2 the bomb had a pistol fuse which was designed to go at a certain depth, i doubt the bomb would of been armed anyway while they were loading it, that’s not to say it didn’t scare the crap out of them. Also when Martin was in charge of the R A F in Germany, he politely sent Barnes Wallis a challenge to try and do the raid again, some friendly Australian Banter.
Martin’s crew were never involved with dropping Tallboy bombs. They did use the light case 12,000lb bombs, basically three ‘cookies’ bolted together, such as those used against the Dortmund-Ems canal. The first Tallboys were dropped on June 8th on the Saumur railway tunnel, some 5 months after Martin had been rested from 617.

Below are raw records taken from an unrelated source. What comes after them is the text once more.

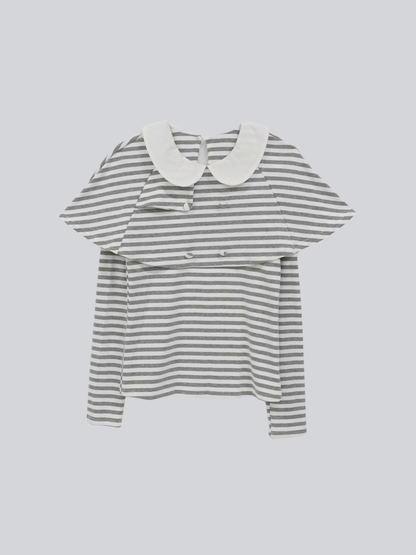 border doll collar cape sleeve top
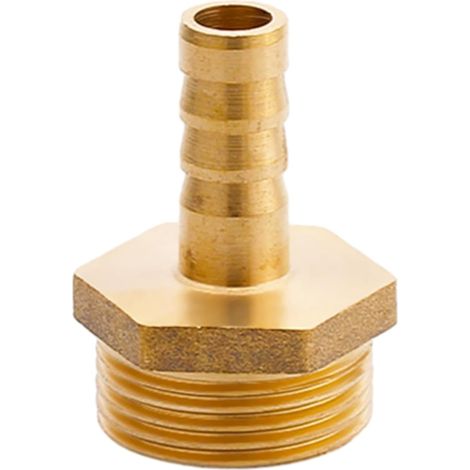 Raccord cannelé en laiton 3/4", filetage mâle, épisseuse de métaux, épisseuse de barbes, raccord de tuyau, connecteur adaptateur pour air, eau, huile (10 mm d'épaisseur) (1/5)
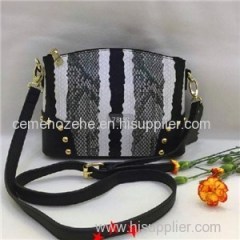 PU Leather Women Bowler Bags In Black And White Pattern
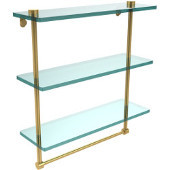  16 Inch Triple Tiered Glass Shelf with Integrated Towel Bar, Unlacquered Brass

Thanks, Andrew. Fortunately, I realised my mistake when I was updating this entry for my Complete Dambusters book. However, I didn’t change the website! CF
In his capacity as AOC, Air Support Command, I had occasion as a lowly Leading Aircraftsman to write to Air Vice-Marshal Martin in 1969 following the death of my father while I was on detachment at RAF El Adem, Libya.The Royal Air Force went to considerable efforts to fly me home on compassionate leave. I wrote to AVM Martin to record my gratitude and was amazed to receive a two page hand written reply from him expressing his condolences. A truly remarkable gesture from a great warrior of the skies and something I have treasured all my life.